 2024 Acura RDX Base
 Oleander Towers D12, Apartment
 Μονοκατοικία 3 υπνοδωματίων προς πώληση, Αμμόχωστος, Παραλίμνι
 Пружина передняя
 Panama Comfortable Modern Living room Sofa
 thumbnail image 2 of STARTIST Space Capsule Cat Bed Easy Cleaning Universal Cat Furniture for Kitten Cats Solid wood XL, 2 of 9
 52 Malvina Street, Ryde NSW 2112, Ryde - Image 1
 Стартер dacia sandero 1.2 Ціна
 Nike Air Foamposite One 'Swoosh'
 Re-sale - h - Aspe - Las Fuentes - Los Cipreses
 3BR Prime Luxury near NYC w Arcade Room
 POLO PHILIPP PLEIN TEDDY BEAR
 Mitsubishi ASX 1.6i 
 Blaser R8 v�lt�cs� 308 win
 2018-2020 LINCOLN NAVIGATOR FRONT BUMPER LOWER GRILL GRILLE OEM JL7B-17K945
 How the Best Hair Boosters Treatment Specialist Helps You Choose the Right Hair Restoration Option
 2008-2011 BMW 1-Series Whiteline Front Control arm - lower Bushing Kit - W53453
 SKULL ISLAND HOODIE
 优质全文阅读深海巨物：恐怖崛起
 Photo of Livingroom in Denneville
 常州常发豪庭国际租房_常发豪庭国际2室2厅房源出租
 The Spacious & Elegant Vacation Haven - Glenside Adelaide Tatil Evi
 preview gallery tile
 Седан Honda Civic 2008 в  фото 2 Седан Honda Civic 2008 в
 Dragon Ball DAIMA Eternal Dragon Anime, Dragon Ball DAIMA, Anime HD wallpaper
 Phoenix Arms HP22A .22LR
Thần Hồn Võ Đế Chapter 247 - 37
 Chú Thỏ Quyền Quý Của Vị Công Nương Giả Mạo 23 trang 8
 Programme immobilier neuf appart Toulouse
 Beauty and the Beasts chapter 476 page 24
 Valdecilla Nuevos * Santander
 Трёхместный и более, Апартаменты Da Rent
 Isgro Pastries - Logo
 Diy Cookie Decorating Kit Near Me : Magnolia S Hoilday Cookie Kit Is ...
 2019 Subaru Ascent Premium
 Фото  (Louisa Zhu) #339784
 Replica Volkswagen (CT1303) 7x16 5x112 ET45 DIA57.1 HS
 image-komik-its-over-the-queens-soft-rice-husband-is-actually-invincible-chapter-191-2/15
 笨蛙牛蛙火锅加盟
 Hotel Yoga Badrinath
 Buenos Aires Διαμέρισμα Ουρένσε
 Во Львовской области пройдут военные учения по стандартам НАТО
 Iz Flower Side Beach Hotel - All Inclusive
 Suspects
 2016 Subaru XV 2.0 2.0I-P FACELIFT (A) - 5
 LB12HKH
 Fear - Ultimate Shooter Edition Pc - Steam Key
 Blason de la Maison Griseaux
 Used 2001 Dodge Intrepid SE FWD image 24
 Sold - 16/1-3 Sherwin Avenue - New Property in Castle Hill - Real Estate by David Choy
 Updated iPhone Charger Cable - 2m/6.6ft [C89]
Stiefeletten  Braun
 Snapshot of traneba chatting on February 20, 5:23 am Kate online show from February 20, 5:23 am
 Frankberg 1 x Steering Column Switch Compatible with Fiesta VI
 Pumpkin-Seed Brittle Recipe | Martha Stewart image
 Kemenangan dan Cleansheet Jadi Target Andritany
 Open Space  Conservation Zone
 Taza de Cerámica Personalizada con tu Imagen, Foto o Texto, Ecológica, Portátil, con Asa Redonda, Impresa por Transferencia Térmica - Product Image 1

──────────────────────────────

▸ **What you need to do**: Look through the entries above; copy each line where the string "Space" appears.

▸ **Result of this task**:
 thumbnail image 2 of STARTIST Space Capsule Cat Bed Easy Cleaning Universal Cat Furniture for Kitten Cats Solid wood XL, 2 of 9
 Open Space  Conservation Zone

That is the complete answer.